Al Franken announces intention to resign from Senate over sexual misconduct allegations

Sen. Al Franken, D-Minn., announced his plans to resign following a series of allegations from women accusing him of sexual harassment and misconduct.

Franken said that while he believes an ethics committee investigation would find him innocent, he didn’t feel he could continue to serve and would be stepping down in the coming weeks. He contended that some of the allegations were not true and others he remembered differently.

“This decision is not about me,” Franken said Thursday. “It is about the people of Minnesota.”

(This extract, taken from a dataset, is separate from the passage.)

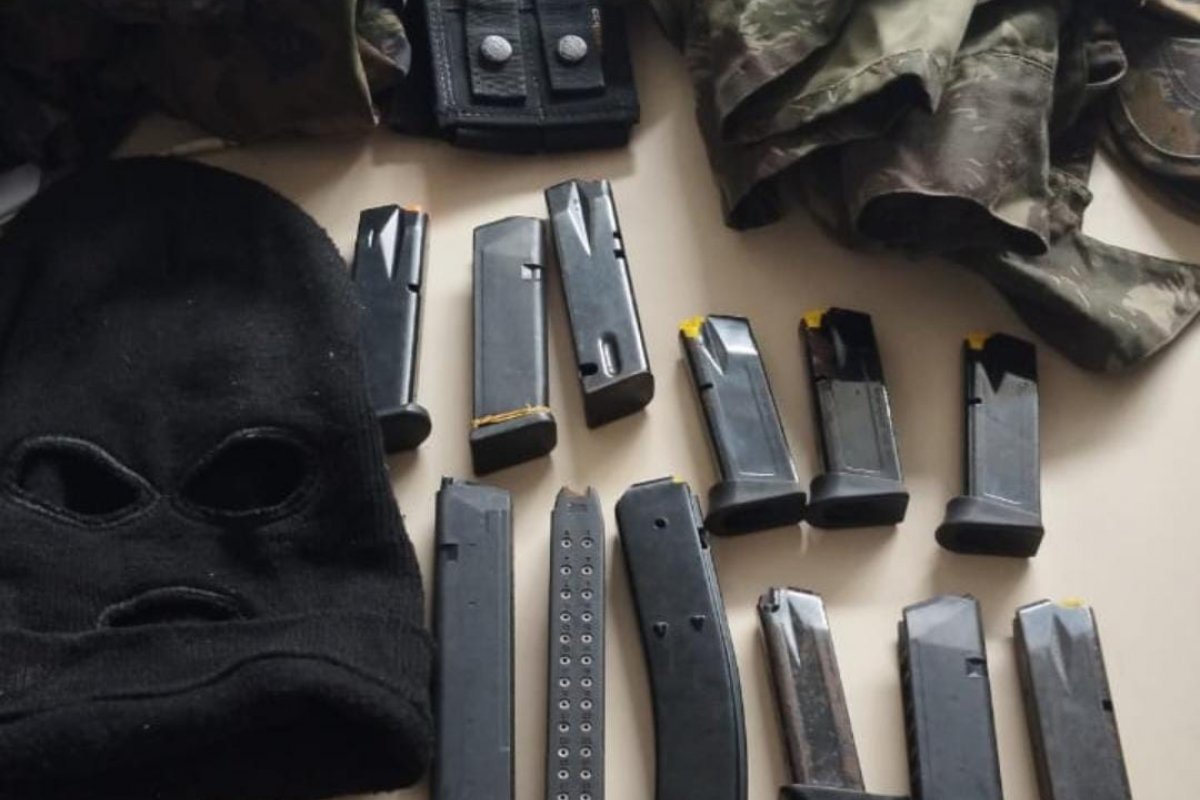 PM prende homem com carregadores de arma de fogo e munições durante abordagem em Lauro de Freitas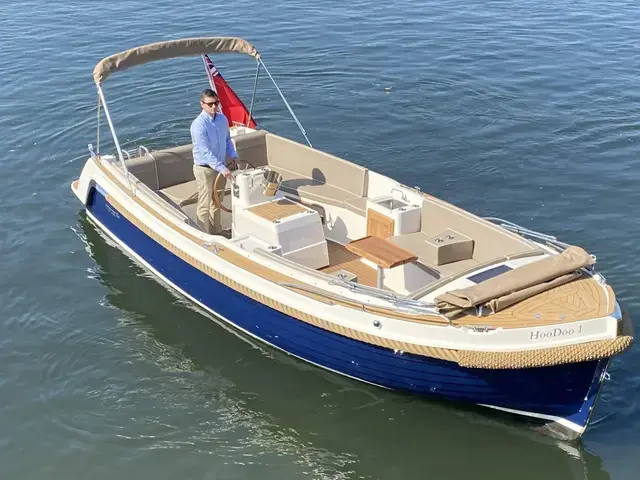 Interboat 820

Sen. Claire McCaskill, D-Mo. — one of the first lawmakers to ask Franken to resign — took her glasses off and wiped tears from her eyes several times during his speech. More than a dozen Democratic lawmakers, including McCaskill, hugged Franken at the conclusion of his address. Jeff Flake, R-Ariz., was the only Republican senator on the floor during the announcement, which included a shot at the GOP.

“There is some irony that I am leaving while a man who bragged on tape about his history of sexual assault sits in the Oval Office, and a man who preyed on young girls runs for Senate with the full support of his party,” said Franken, referencing President Trump and Alabama Senate candidate Roy Moore.

Sen. Al Franken, D-Minn., leaves the Capitol after speaking on the Senate floor, Thursday, Dec. 7, 2017, on Capitol Hill in Washington. Franken said he will resign from the Senate in coming weeks following a wave of sexual misconduct allegations and a collapse of support from his Democratic colleagues, a swift political fall for a once-rising Democratic star. (Photo: Andrew Harnik/AP)

Franken’s replacement will be selected by Gov. Mark Dayton, a Democrat. The Minneapolis Star-Tribune reported that Dayton is expected to choose Lt. Gov. Tina Smith, who will hold the seat until a special election is held in November 2018. Dayton said he expects to make his decision in the next couple of days.

On Wednesday morning, after Politico published the story of a woman who said Franken tried to kiss her after a 2006 radio show, Democratic senators began to call for his resignation. (Franken denied the allegation.) Over the course of a few hours, more than half the caucus called for the second-term senator to step down.

The first allegation against Franken came on November 16 , when radio anchor Leeann Tweeden said that she had been forcibly kissed while rehearsing on a USO tour in 2006. She also included a photo of Franken mimicking groping her breasts while she slept on a flight during the same tour. Franken apologized, but said he did not remember the kiss in the same way. In all, eight women have accused Franken of harassment or misconduct.

After a career in comedy, writing, activism and talk radio, Franken first won election to the Senate in 2008, winning by just over 300 votes in a tight three-way race. He won reelection in 2014 by ten points, and was being put forth by some as a potential candidate for president in 2020.

Liz Goodwin contributed to the reporting of this story.